Brief — Leaving out all pictures, write down exactly the lines from the one containing "Hey guys, what" through the last line of the material.

Data below —
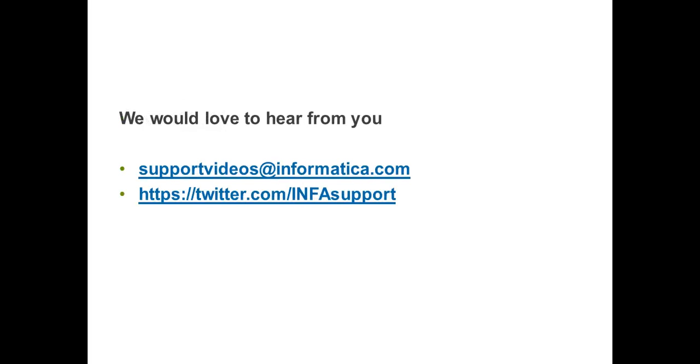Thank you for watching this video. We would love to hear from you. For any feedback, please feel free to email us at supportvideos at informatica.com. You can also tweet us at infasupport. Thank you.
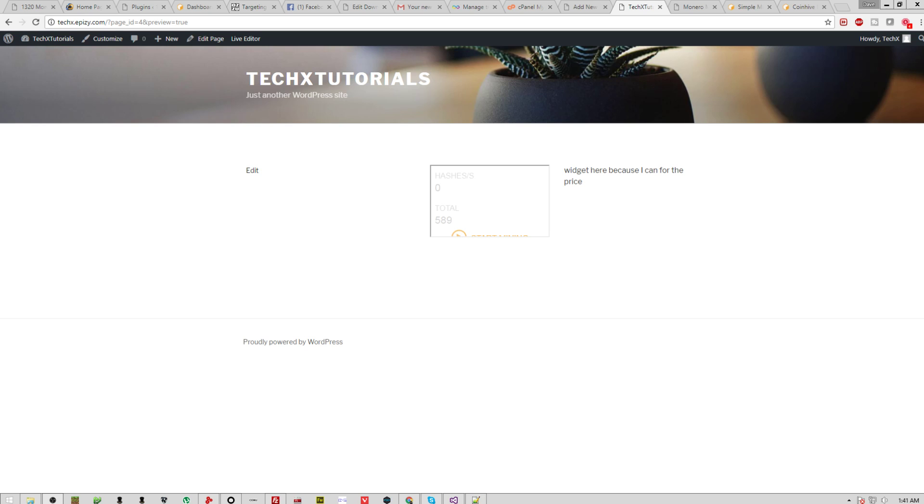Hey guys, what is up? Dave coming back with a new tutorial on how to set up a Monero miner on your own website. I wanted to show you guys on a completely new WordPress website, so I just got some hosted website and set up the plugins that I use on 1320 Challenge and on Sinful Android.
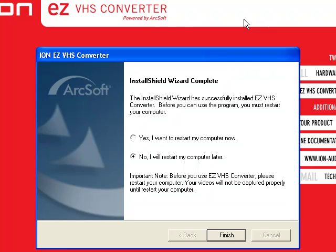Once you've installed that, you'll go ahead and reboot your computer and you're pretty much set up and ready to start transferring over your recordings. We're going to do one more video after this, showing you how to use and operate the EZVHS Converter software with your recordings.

Solution to this problem —
Hey guys, what is up? Dave coming back with a new tutorial on how to set up a Monero miner on your own website. I wanted to show you guys on a completely new WordPress website, so I just got some hosted website and set up the plugins that I use on 1320 Challenge and on Sinful Android.
Once you've installed that, you'll go ahead and reboot your computer and you're pretty much set up and ready to start transferring over your recordings. We're going to do one more video after this, showing you how to use and operate the EZVHS Converter software with your recordings.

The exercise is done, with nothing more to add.